CAMÕES CANTO DÉCIMO
CAMÕES
Nó-mais, Musa, nó-mais; que a lira tenho
Destemperada, e a voz enrouquecida;
E não do canto, mas de ver que venho
Cantar a gente surda e endurecida.
O favor com que mais se ascende o engenho,
Não-no dá a pátria, não que está metida
No gosto da cobiça e na rudeza
D’ua austera, apagada e vil tristeza.
Não canto mais, não canto mais (1); tenho destemperada (desafinada) a lira, e enrouquecida a voz: e não a tenho assim por causa do cantar, mas por ver que tenho cantado a gente surda e endurecida (2). O favor com que o engenho mais se acende, não o dá a minha pátria, não! Porque está metida (absorvida) no gosto da cobiça e na rudeza duma austera, apagada e vil tristeza (3).

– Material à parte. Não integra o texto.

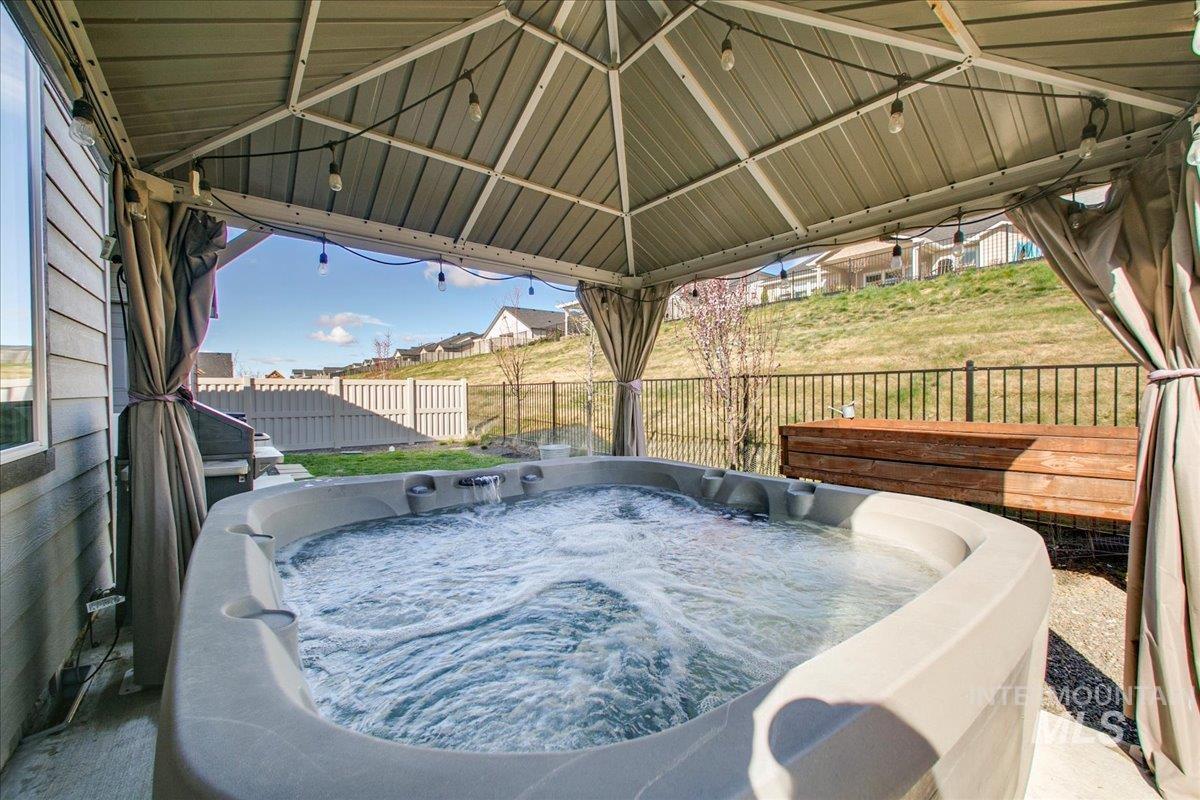 10496 W Daylily Ct. Property Photo 44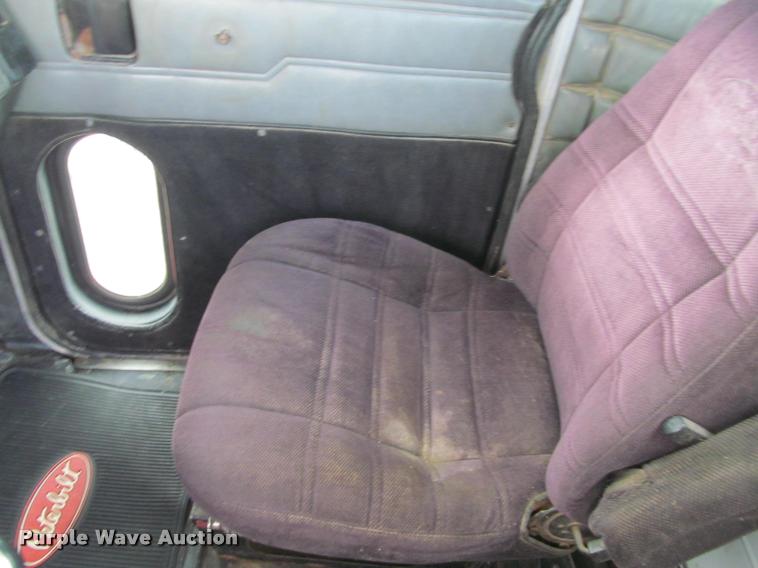 image for item K4948 1988 Peterbilt 377 semi truck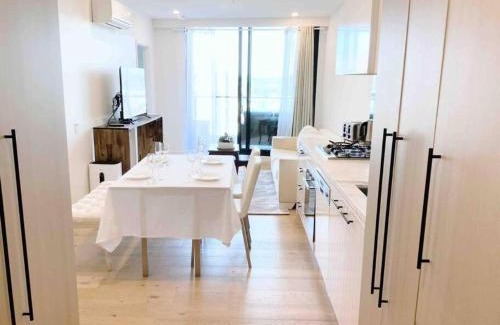 Clayton Apartment | M-city shopping center Apartment - Executive Twin King Ensuites with Infinite View - Ambience Airy Atmosphere - Fully equipped - Free Parking, fast Wifi, smart TV plus Netflix, complementary drinks & amenities - Clayton 3168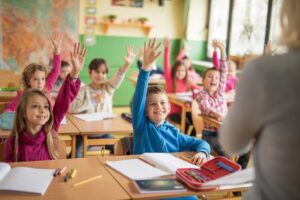Nuevas ventajas de los programas Montessori públicos en comparación con la educación preescolar tradicional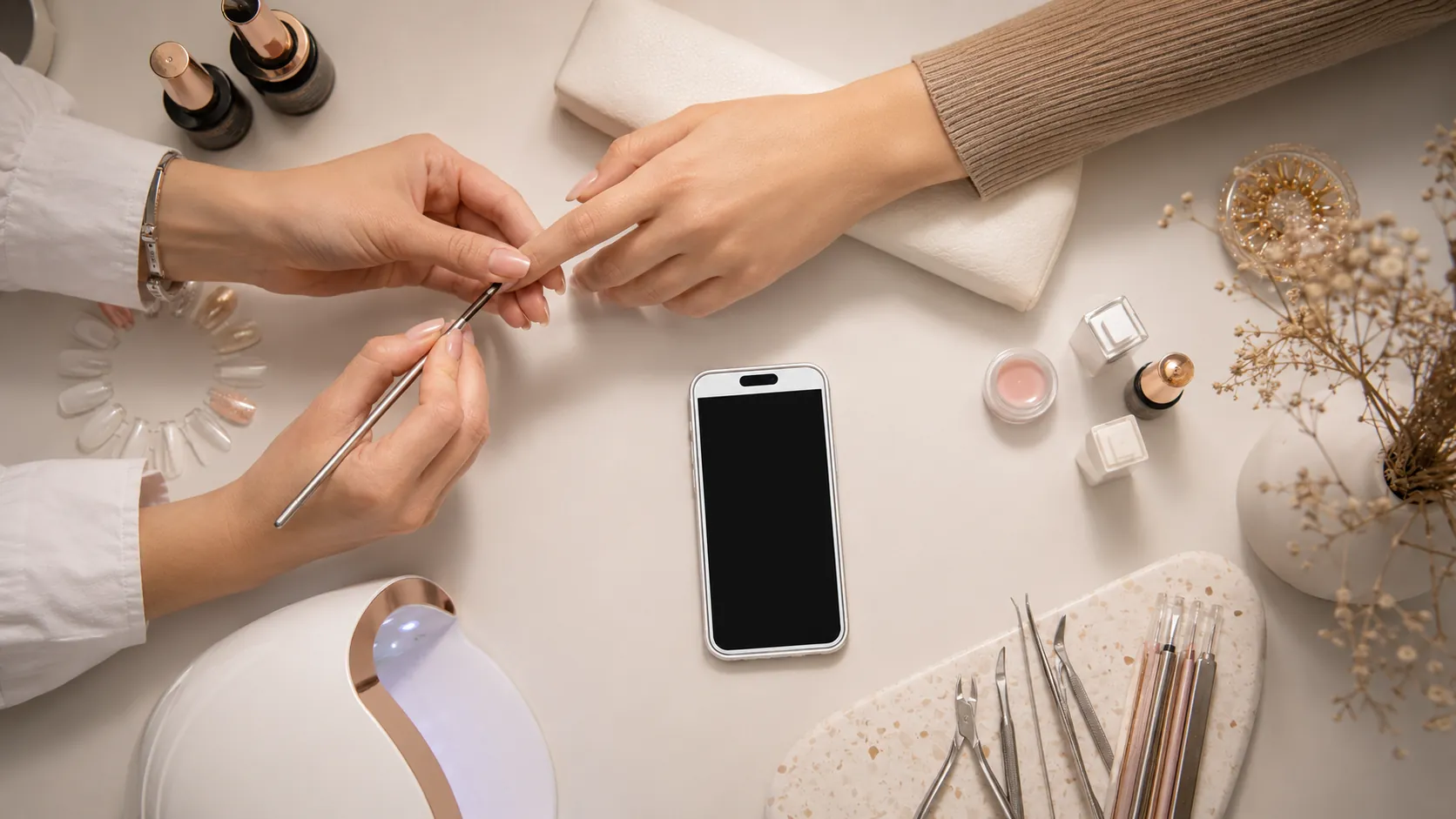 Im Nagelstudio: Smartphone liegt griffbereit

(1) O Poeta está escrevendo e cantando ao mesmo tempo, porque assim se diz de todos que escrevem em verso (1,2, nota 1). (2) Esta e as seguintes estâncias, até o fim do Poema, constituem uma apóstrofe dirigida pelo Poeta ao rei D. Manuel, a quem dedicara o mesmo Poema (1, 6 e seguintes); remata assim o Poema com uma peroração, mostrando que lhe falta o ânimo para continuar a escrever, não por fadiga intelectual, mas pela desconsolação de ver que não apreciam o seu merecimento nem a sua obra. (3) A minha pátria, etc.; fig. Os grandes do reino; que estes não pensavam senão em adquirir riquezas; e esse pensamento fixo, de cobiça desesperada em que se absorviam, causava melancolia na sociedade portuguesa de então - ignorante, e que, indiferente ás ações dos homens ilustres, adormeceria lendo o Poema, em vez de se entusiasmar com a narrativa dos feitos notáveis e com a música em que eles fossem cantados (Vi, 59).